Movie remakes: Which movies deserve a do-over?

I’ve had a lot of different opinions concerning remakes recently. Everywhere I look, another one seems to pop up, from the lackluster Straw Dogs to the hilariously thrilling Fright Night. I tend to see two different reactions to remakes. If you’ve seen the original film, whether you loved it or hated it, you’re wary of another attempt at it again. Either it’ll be just as bad as the original or a botched blasphemy. If you haven’t seen the original, then you stand a chance of finding more enthusiasm.

There have been plenty of great remakes among the disappointments as well. Compared to it’s loud and campy predecessors, The Dark Knight series has been welcome with it’s dark and gritty take on the infamous Batman origins.

The Oscars aren’t exempt from remakes either. As USA Today points out, most of the nominations films are adaptations of books, and the Guardian thinks the adaptations will be favored to sweep most of the awards. Since I double-time as a bookseller, I can vouch that a lot of people come through wanting to read the books before seeing the movies. The Girl with the Dragon Tattoo is a good example.

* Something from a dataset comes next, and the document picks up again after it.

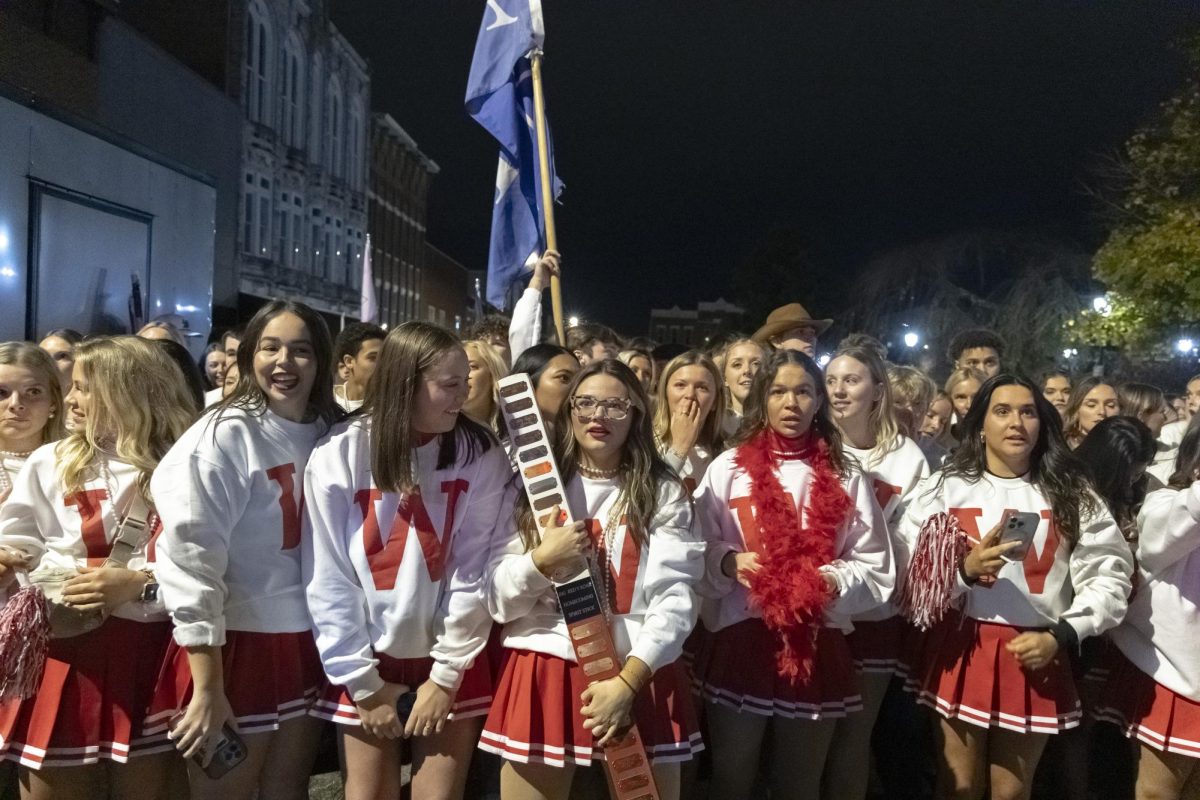 Riley Jaggers, member and homecoming chair of Alpha Delta Pi, waits in anticipation before winning an award at the Big Red Roar event after WKU’s Homecoming Parade Friday, Nov. 15, 2024.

The Artist is one of the only original films up for many awards, and I think it stands to win.

So while we’re talking about the idea that not all remakes are bad, I asked some of the writers here at Cinema Soldier what they’d like to see adapted to the big screen from another medium, or some movies that they would love to see get another chance (or a third). Below are our picks for the movies most deserving of remakes.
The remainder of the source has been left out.